With no intent to victim blame and recognizing that only abusers are responsible for their abuse, the
following are some strategies to reduce one’s risk of sexual assault or harassment:
- Be aware of your surroundings. Knowing where you are and who is around you may help you find a way to get out of a bad situation.
- Try to avoid isolated areas. It is more difficult to get help if no one is around.
- Walk with purpose. Even if you don’t know where you are going, act like you do.
- Trust your instincts. If a situation or location feels unsafe or uncomfortable, it probably isn’t the best place to be.
- Try not to load yourself down with packages or bags as this can make you appear more vulnerable.
- Make sure your cell phone is with you, charged, and that you have cab money.
- Don’t allow yourself to be isolated with someone you don’t trust or someone you don’t know.
- Avoid putting music headphones in both ears so that you can be more aware of your surroundings, especially if you are walking alone.
- When you go to a social gathering, go with a group of friends. Arrive together, check in with each other throughout the evening, and leave together. Knowing where you are and who is around you may help you to find a way out of a bad situation.
- Trust your instincts. If you feel unsafe in any situation, go with your gut. If you see something suspicious, contact law enforcement immediately (local authorities can be reached by calling 911).
- Don’t leave your drink unattended while talking, dancing, using the restroom, or making a phone call. If you’ve left your drink alone, just get a new one.
- Don’t accept drinks from people you don’t know or trust. If you choose to accept a drink, go with the person to the bar to order it, watch it being poured, and carry it yourself.

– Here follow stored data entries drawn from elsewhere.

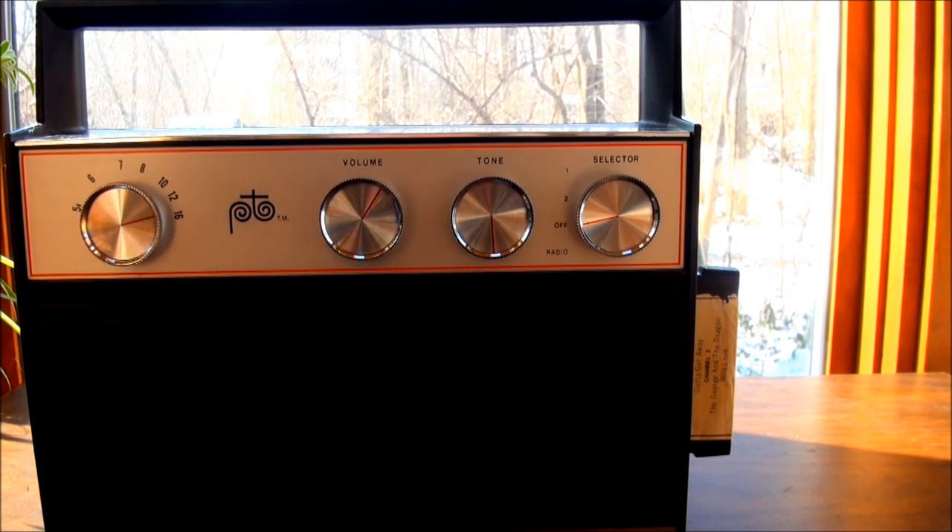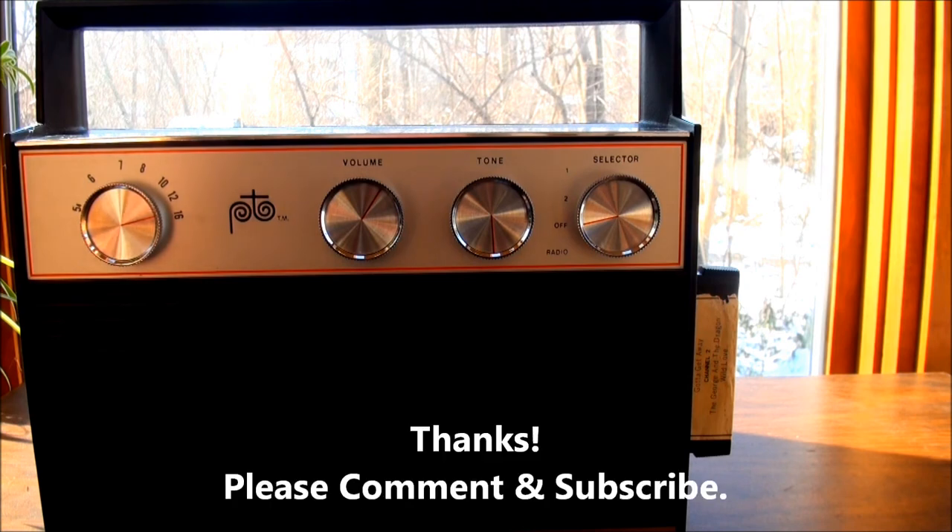So there we have the Play Tape, Model 1403 with AM radio from about 1968. Hope you enjoyed it. Thanks for watching.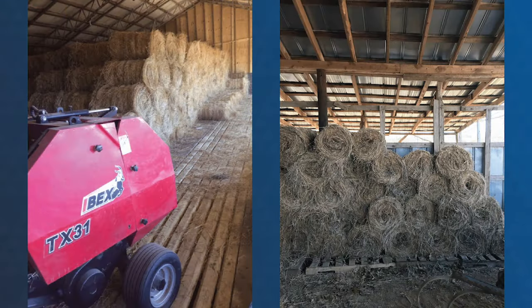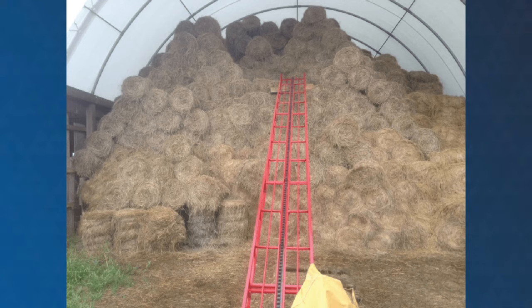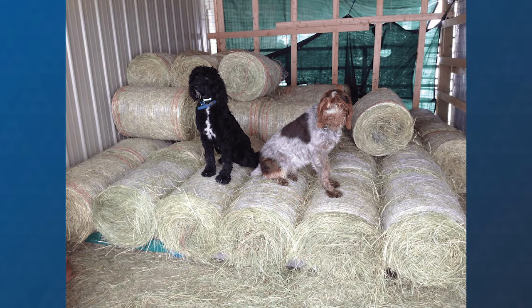The resulting stack will thus resemble a honeycomb pattern, with any space between the bales providing air circulation to further dry the hay and keep it dry. If carefully stacked, the bales should even be tight enough to walk on.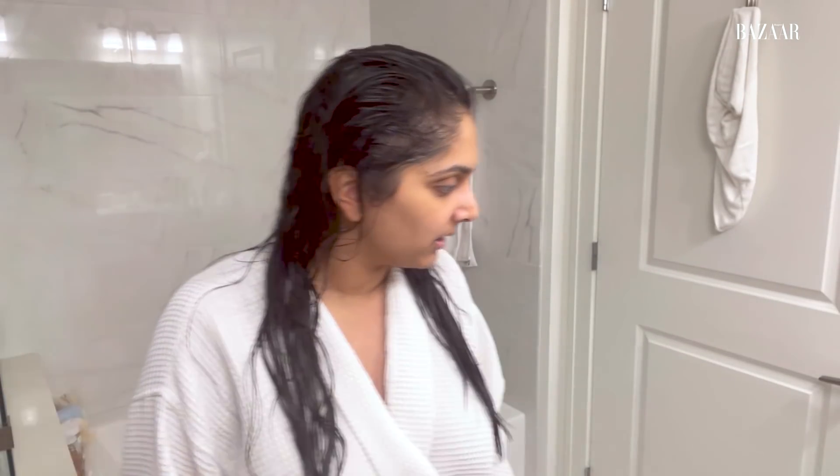First thing first, before anything, I put on some of this Huglo. It has nothing to do with the hair, but I just got out of the shower, and when my face feels really dry, I like to put a little bit of the Huglo on my entire face because this is really a serum that just gives your face a little bit of a glow, and honestly, you just feel better when you're doing your hair.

At parties, don’t drink from the punch bowls or other large, common open containers.
- Watch out for your friends, and vice versa. If a friend seems disoriented, is overly intoxicated for the amount of alcohol they’ve had, or is acting out of character, get him or her to a safe place immediately.
- If you suspect you or a friend has been drugged, contact law enforcement immediately (local authorities can be reached by calling 911. Be explicit with emergency/medical personnel so they can give you or your friend the correct tests (you may need a urine test and possibly others).
- If you need to get out of an uncomfortable or scary situation, here are some things that you can try:
Remember that being in this situation is not your fault. You did not do anything wrong; it is the person who is making you uncomfortable that is to blame. Be true to yourself. Don’t feel obligated to do anything you don’t want to do. “I don’t want to” is always a good enough reason. Do what feels right to you and what you are comfortable with.